Nsight Systems can be useful for understanding data movement between CPU <-> GPU during the run, and also for gaining insight into any GPU kernels which are not part of TensorFlow. It also uses sampling to collect data, and thus can be used as a 'black box' profiling tool with relatively low overhead; since a typical ExaRL calculation is quite long, it is best to disable CPU sampling in Nsight Systems by adding the -s none flag; otherwise, the resulting profile will be enormous and will take hours to process.

An example profile using Nsight Systems is shown below. In this case, it looks like the majority of GPU activity is spent executing TDLG kernels, in which case Nsight Compute could possibly be used to improve performance.

Nsight Compute can be useful for tuning hand-written kernels, like LibTDLG, but it is much less useful when the runtime is dominated by TensorFlow activity.

TensorFlow performance

TensorFlow includes its own profiling framework which, unlike 'black box' profiling tools, has significant domain-specific awareness about what the calculation is doing. It is likely we will need to rely on this to supplement the above tools if the goal is to improve the performance of the TensorFlow portions of ExaRL.

Representing and tracking performance data

It will be useful to track the performance characteristics of ExaRL as the code base develops. One way to do this is to integrate ExaRL into the ECP GitLab continuous integration infrastructure which is already available at NERSC. We could configure a GitLab runner to launch once per day, check out the latest version of the code, run it, and store the performance characteristics of the code in a file or database that is then visualized on a website. The website can be hosted in Spin.

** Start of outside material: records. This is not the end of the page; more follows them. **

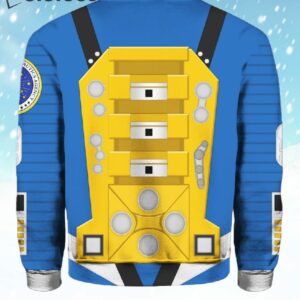 2001 A Space Odyssey Blue Ugly Sweater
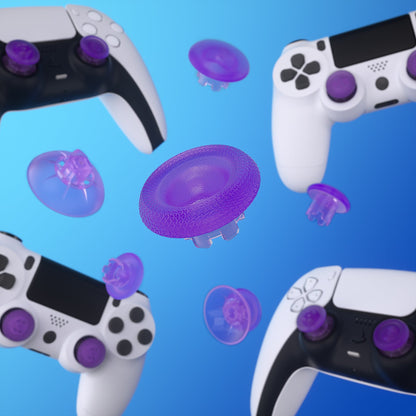 EDGE Sticks Replacement Interchangeable Thumbsticks for PS5 & PS4 All Model Controllers - Clear Atomic Purple eXtremeRate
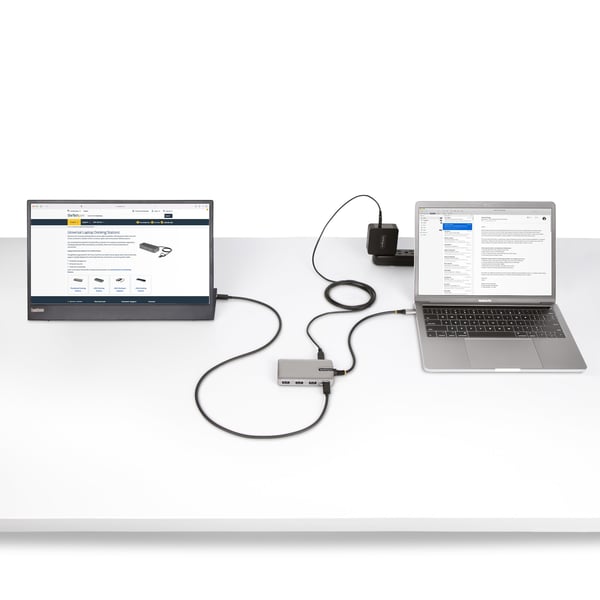 StarTech.com 4-Port USB-C Hubb med USB-C DP Alt Mode Videoutgång 4K 60Hz, 3x USB-A, 1x USB-C, 100W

Some characteristics like execution time, or fraction of time spent in MPI, can be represented simply with timings, and plotted on a graph as a function of git commit or date, like here. Other characteristics which may have more complex information, like the output from Nsight Systems or Nsight Compute or TensorFlow Profiler, may require a different approach for visualizing the data as a function of time.

kennyroche commented 4 years ago

I am interested to talk to you about this work you did. I really appreciate this note. It’s a lot of hard work to get all this information collected and written up simply and clearly as it is here. “It is hardly obvious from this output what one should do to improve performance of the code.” This is the key statement, and there are rarely obvious answers. Whoever wrote this note,I assume Brian, I am curious to talk to you about these results and how / if it is possible to demystify the measurements of code execution. I have no funding for this this moment, but can easily justify discussing the issue of tools and dissecting performance of computer experiments on certain architectures / platforms. Regards, -k

bcfriesen commented 4 years ago

Hi @kennyroche - thanks for the feedback, happy to chat more about this. My e-mail is bfriesen@lbl.gov if you want to continue this discussion there.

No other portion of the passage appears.